HAREMY WYBRANYCH WŁADCÓW

OD MEHMEDA II ZDOBYWCY

DO ABDUL HAMIDA II

 
 

SERAJ SULEJMANA WSPANIAŁEGO

Cz. XVIII

 
 



ŻONA

SERAJ POD RZĄDAMI ROKSOLANY/HURREM

(1534-1558)

Cz. III





 
 
 Chęć zbliżenia francusko-osmańskiego (i ostateczny sojusz tych dwóch państw, podpisany w lutym 1536 r. przez francuskiego posła w Konstantynopolu - Jean de La Forest'a) mocno nadwyrężył opinię o królu Franciszku I, jako o "arcykatolickim władcy". Co prawda król starał się zachowywać wszelkie możliwe po temu pozory, ale zarówno jego otoczenie (rzec można - dość "swobodne"), częste miłostki, wpływ kobiet na politykę, jak również rozwój nowowierstwa (szczególnie propagowanego przez dwór w Nerac, gdzie zamieszkiwała ze swym małżonkiem - Henrykiem II, królem Nawarry, siostra Franciszka - Małgorzata z Angoulême) nie wystawiał o królu Francji zbyt dobrego świadectwa wśród państw chrześcijańskich (do czego zapewne także przyczyniła się, rozgłaszana na polecenie cesarza i króla Hiszpanii - Karola V Habsburga, negatywna opinia o Franciszku, jako sprzymierzeńcu Maurów). Co prawda w kraju dominującą pozycję wciąż miała Sorbona, której wykładowcy bezwzględnie tropili i zwalczali jakiekolwiek przykłady nowowierstwa oraz odstępstwa od biblijnego kanonu (nie pozwalano nawet na studiowanie greki, a o hebrajskim mawiano że jest to język szatana i każdy kto próbowałby wykładać ten język na uczelni czy poza jej murami, ten był - według profesorów Sorbony - pierwszym kandydatem na stos. Swoją drogą, gdy mówimy dziś że lewactwo, lgbt i genderyzm opanowało współczesne uczelnie, to jednocześnie trzeba mieć świadomość, że w XV/XVI wieku, szczególnie we Francji, ale nie tylko, postępował bardzo podobny proces, tylko odwrotny, polegający nie tylko na całkowitej próbie uciszenia wszelkiego wolnego słowa - które przecież jest podstawą samej idei uniwersytetu - ale w ogóle zabicia jakiejkolwiek wolnej myśli, łącznie z samą duchowością, która nie do końca była zgodna z kanonem. Na przykład - jak pisał w 1517 r. do Erazma z Rotterdamu jeden z profesorów Sorbony o nazwisku Glareau - był on na jednym posiedzeniu tejże uczelni, na którym zupełnie poważnie rozprawiano nad tym, dlaczego Adam w Raju wolał jabłko od gruszki, bowiem niektórzy twierdzili że gruszka jest jednak lepsza w smaku. Przypomina to dzisiejsze elaboraty nad... 56 płciami 😏 Ale też należy pamiętać, że Sorbona nie była taka wcześniej. Lata swej świetności przeżywała w XIII i XIV wieku, gdzie bigoteria i fanatyzm były prawie niedostrzegalne w jej murach).
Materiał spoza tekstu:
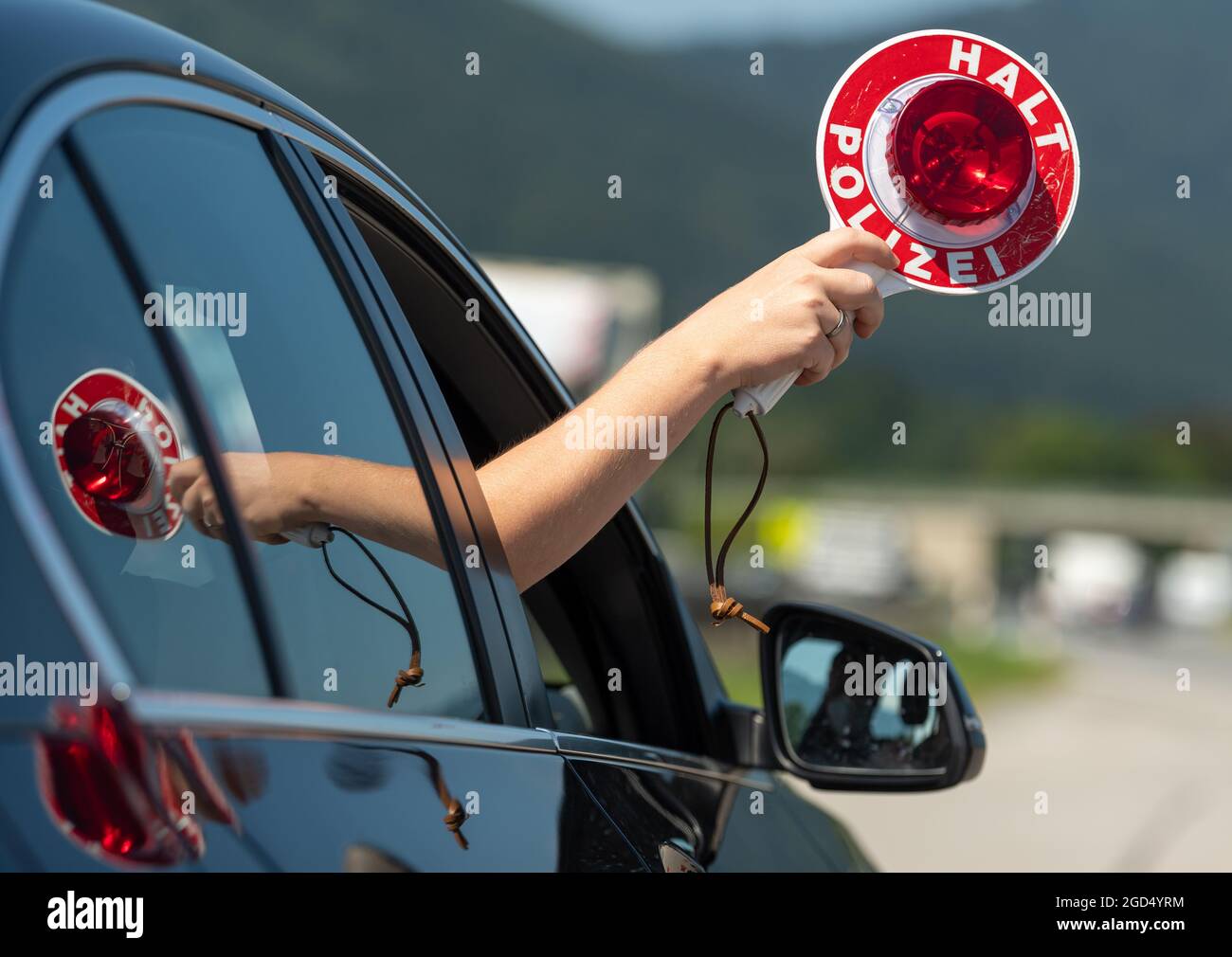 Piding, Deutschland. August 2021. Am Checkpoint Piding Nord, A8, in Richtung München, wird eine Polizeipfanne aus einem zivilen Polizeifahrzeug herausgehalten. Am Morgen besuchte der bayerische Innenminister den Schleierfahnder vor Ort, um sich über die Corona-Kontrollen von Reisenden zu informieren, die nach Deutschland zurückkehren. Kredit: Peter Kneffel/dpa/Alamy Live Nachrichten Stockfoto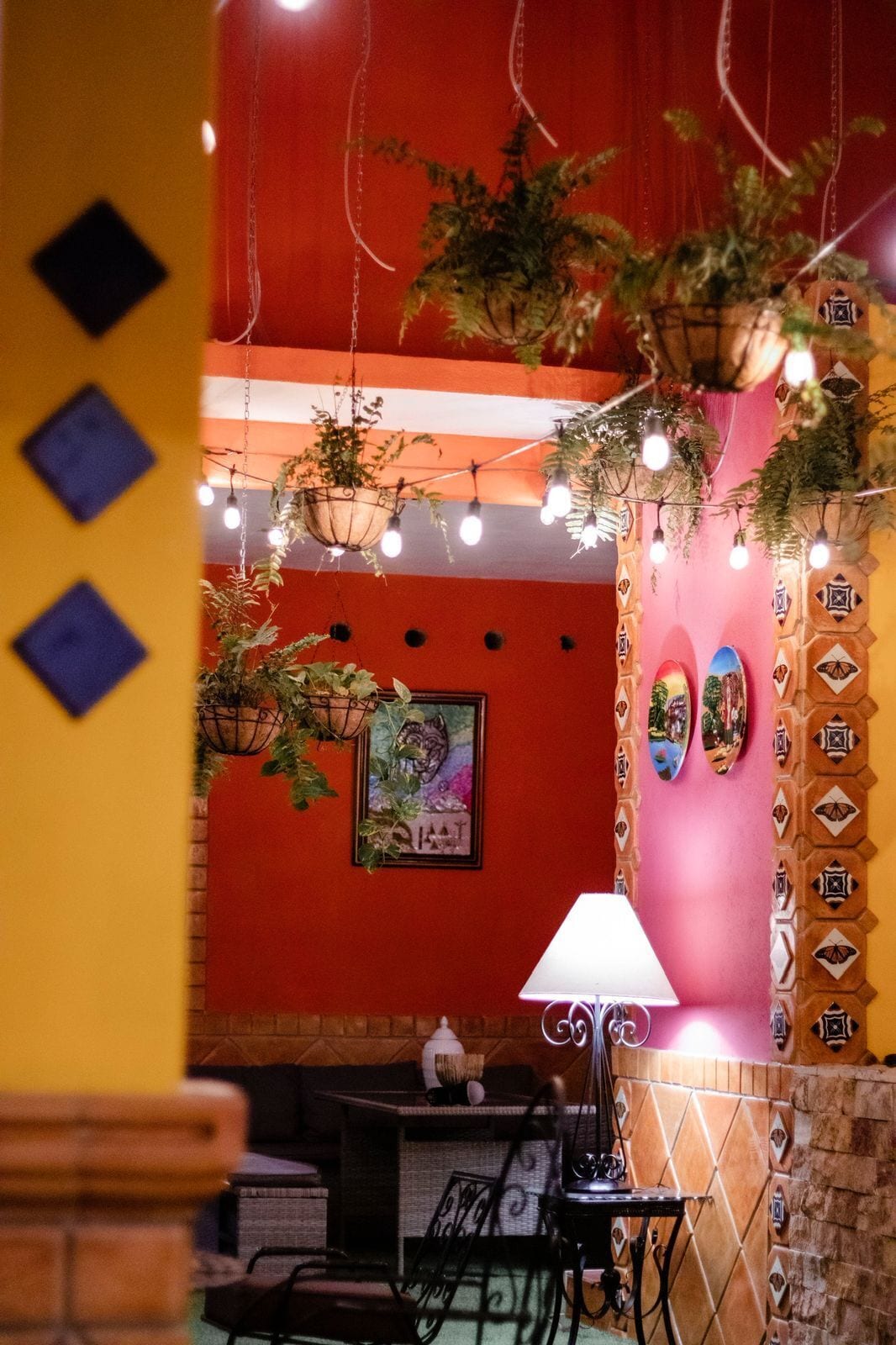 A cozy interior with hanging plants, string lights, and a tiled wall with decorative patterns.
Potęga Sorbony była niepodważalna (w kwestii cenzury pism, broszur i książek), a każdy sprzeciw wobec jej wszechwładzy powodował gniew i większą irytację inkwizytorów tej uczelni (podobnie zresztą jak to ma miejsce dzisiaj, gdzie każda krytyka, lub choćby polemika z tezami aplikowanymi na "genderowych uczelniach", powoduje bardzo poważne konsekwencje dla takiej osoby, łącznie z reelekcją z uczelni i cenzurą w tzw. mainstreamie). Protektorką Sorbony była przez długie lata królowa matka - Ludwika Sabaudzka, ale i ona (choć bardzo pobożna - modliła się kilka razy dziennie i brała udział w licznych pielgrzymkach) nie znosiła kleru oraz jego potężnych przywilejów. Jednak aż do swej śmierci (we wrześniu 1531 r.) otaczała profesorów Sorbony swą protekcją i poparciem. Ludwika była jednocześnie kobietą żądną władzy i wiedziała że skutecznie władać może tylko przy pomocy swego syna - Franciszka, który był na początku XVI wieku jedynym realnym kandydatem na tron francuski, gdyż król Ludwik XII ze swoich dwóch małżeństw nie miał synów. Franciszek zaś była synem Karola, hrabiego Angoulême i pra pra wnukiem króla Francji - Karola V, od którego to wywodziła się również starsza linia dynastii Walezjuszy, reprezentowana przez Ludwika XII, jej ostatniego męskiego przedstawiciela. Ludwika Sabaudzka była więc pewna, że: "Mój król, mój pan, mój Cezar" jak zapisała w pamiętniku z 25 stycznia 1502 r. obejmie tron Francji. Syn był dla niej wszystkim, całym światem, bowiem tylko dzięki niemu mogła realnie władać krajem, a władza zawsze była jej ulubionym afrodyzjakiem. Starając się zapewnić swym dzieciom jak najlepszą przyszłość - Franciszkowi tron Francji, a Małgorzacie intratne małżeństwo, starała się też osłodzić im nieprzyjemne wybory. I tak, gdy zmusiła swą córkę do poślubienia Karola IV, księcia Alençon (1509 r.), a wiedziała że Małgorzata go nie znosi i podkochuje się w młodym Guillaume Gouffier, seigneur de Bonnivet, zaaranżowała nawet ich miłosną schadzkę w sypialni córki, aby ta mogła zaspokoić swe pragnienia. Niestety, 17-letnia Małgorzata tak bardzo przeraziła się nocnej wizyty Bonnivet'a w jej sypialni, że głośno wzywała pomocy i dopiero gdy przybyła doń matka, nieco się uspokoiła. Potem jednak Ludwika mocno zrugała córkę za ową lekkomyślność i nie odzywała się do niej przez parę tygodni, ale i tak długo nie potrafiła się na nią gniewać i raz jeszcze zorganizowała dla Małgorzaty to samo spotkanie z Bonnivet'em, a córka już wówczas nie protestowała.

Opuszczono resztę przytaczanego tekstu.